Thank you. That is my old office. I did share it. And I must remind you that many people say that, you know, the village is your globe but Paris is my hometown to imitate Gertrude Stein. But the same way, I mean, I might have travelled the village but Bombay is our hometown. And this building, this iconic BSE 25-story building is the Eiffel Tower for investors because everyone has come to make your money from Dhirubhai Ambani to Narayana Murthy. The streets may look like they are paved with asphalt but actually they are paved with gold. And the rise of the Sensex perhaps redoubles my effort to say that because when I came, the Sensex was maybe a thousand, below a thousand. It is now close to 75,000.

Now the intraday swings a thousand?
Intraday swings are a thousand. I mean, extraordinary journey. Some of the big corporations have gone from a few thousand crores to a couple of lakhs. And it all started in 1991 day when Manmohan Singh presented his dream budget to Parliament and that broke the ethos of static, regulated, slow growth economy to fast growth modern economy. So it has been an extraordinary journey for the last 30 years.

What makes Indian stock market so unique and so resilient?
Let me tell you a bit of history, which people may not remember. My father was in the stock market and he has lived through very painful times, the Dividend Control Act, the China War, when the markets were closed and there was no foreign investment coming into India. So they were non-existent out there. And then in 1977, the winds of change swept India. The Congress government was thrown out and a new Janata government came into power. And the industry minister used to be an old socialist called Mr. George Fernandes. And here is where we learned the law of unintended consequences because what George Fernandes did was he told the MNCs in India at that time that either you dilute your shareholding by 40% or you get out and leave the country.

So companies like IBM and Coke left India because they did not want to dilute their shareholding. But companies like Colgate, Nestle and Hindustan Lever stayed on in India and gave shares to the public. And as history will record, the shares have gone on to become multi-bagger, 100x, 1,000x, 2,000x over a period of time but they also gave India good corporate governance. People understood how good companies behave, how good companies are managed. So we were 20, 30 years ahead of China in good corporate governance. And that is now reflecting in the markets because you have such a nice group of companies that follow the best practices globally, while China, even the best companies are now trading at 20, 30-year lows. So I think that the law of unintended consequences took place because you had Mr. Fernandes throwing the companies out because he did not like foreign capitalists but that in fact led to better corporate governance and a better pool of investable companies for India.

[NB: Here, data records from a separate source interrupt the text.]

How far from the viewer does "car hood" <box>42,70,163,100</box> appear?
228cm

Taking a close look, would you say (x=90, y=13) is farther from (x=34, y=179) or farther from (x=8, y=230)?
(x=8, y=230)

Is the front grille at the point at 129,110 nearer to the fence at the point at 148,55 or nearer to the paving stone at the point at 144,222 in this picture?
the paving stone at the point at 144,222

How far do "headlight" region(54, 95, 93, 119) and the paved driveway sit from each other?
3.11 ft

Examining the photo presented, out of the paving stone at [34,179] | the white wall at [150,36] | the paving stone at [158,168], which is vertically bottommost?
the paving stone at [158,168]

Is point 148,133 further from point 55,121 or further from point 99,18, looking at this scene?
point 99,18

The financial market economy right now, which is the market cap of Indian companies, is actually higher than the real economy. And that is a clear indication of the migration of the economy, like Amrit Kaal for financial investors. Why is that happening?
Well, I am not sure there is any particular reason but we are going through a bull market, as Homi Kharas points out in his new book about the global middle class. He says the global middle class started with a few hundred million people in Victorian England. And now I think by 2030, there will be 5 billion people in the middle class. And I think the next billion people are more likely to come from India than China in the middle class. So the middle class demands financialization of savings, better education, action on climate change, so many things. So it is the middle class bull market that is leading it. And every bull market has its own thesis. For example, you recall when we first met in 2000 there was a big bull market in TMT stocks. It was presaging the age of the internet and presaging the age of zero communication costs.

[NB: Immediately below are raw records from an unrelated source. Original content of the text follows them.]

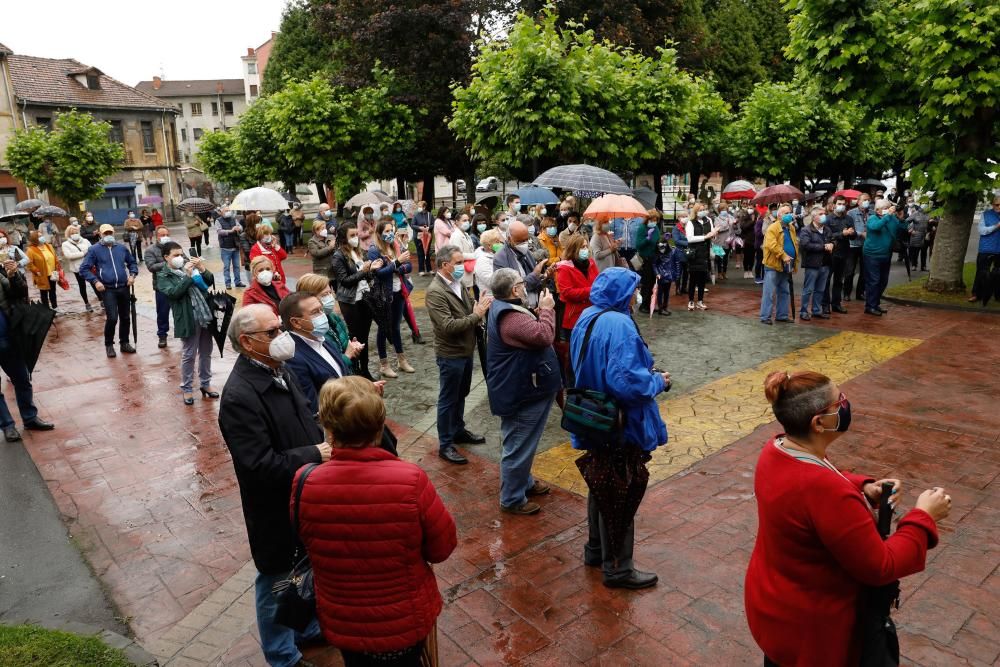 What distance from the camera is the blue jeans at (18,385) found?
729 cm

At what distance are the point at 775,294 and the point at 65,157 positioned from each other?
101 feet

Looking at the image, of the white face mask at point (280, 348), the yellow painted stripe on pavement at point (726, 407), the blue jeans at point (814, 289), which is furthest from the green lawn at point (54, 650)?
the blue jeans at point (814, 289)

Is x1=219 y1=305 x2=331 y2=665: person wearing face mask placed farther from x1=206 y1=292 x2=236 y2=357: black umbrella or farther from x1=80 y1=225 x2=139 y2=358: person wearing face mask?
x1=80 y1=225 x2=139 y2=358: person wearing face mask

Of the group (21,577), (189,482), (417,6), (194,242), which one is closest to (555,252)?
(189,482)

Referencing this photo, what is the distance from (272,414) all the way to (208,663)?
5.24 ft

And what happened to those stocks at that time. And after that time, the bad ones got weeded out, the good ones continued to form. I think what we’re experiencing now, perhaps, is this great middle class revolution. I think this bull market we call the middle class bull market in India. I think that will create prosperity, wealth of a dimension that we are not yet familiar with. Another big city which is as buzzing and as exciting as Bombay happens to be Tokyo. And if you remember 1964, India won the Olympic gold medal in the Tokyo Olympics. But that time, Japan was a beaten third world country. Over the next 30 years, the Nikkei went from 1,000 to 40,000. Companies that were not well-known outside like Sony, Honda and Hitachi have now become well-known companies.

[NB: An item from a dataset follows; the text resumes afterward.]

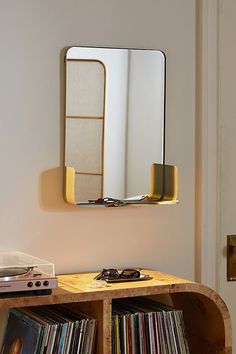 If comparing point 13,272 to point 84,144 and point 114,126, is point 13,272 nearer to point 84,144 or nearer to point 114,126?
point 84,144

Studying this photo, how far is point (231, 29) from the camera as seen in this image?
2.66 metres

So the India bulls, which include me, by the way, believe that India is on a similar trajectory. That over the next 25 years, as Japan went from a third world country to a first world country, Indian economy will go from a third world country to perhaps the third largest. So we are very hopeful.

We are using the word Amrit Kaal. The meaning of Amrit Kaal is something which is long and something which is for eternity. Do you think India’s indeed Amrit Kaal has started, and especially for financial investors?
I think it has because you it is hard to, I think the Sensex moved at 15%, 16% compounded; the last few years, probably better than that with dividends of about 18%. These are extraordinary returns. Even if it is in rupees and not in dollars, this is an extraordinary return. And there have been very fair and just tax policies by the government. And more importantly, I think this bull market, you have to give a lot of kudos to the Prime Minister’s office, the Prime Minister and DIPAM, for the way they have handled the biggest investment Indians, in Indian taxpayers have made, which is in the public sector stocks.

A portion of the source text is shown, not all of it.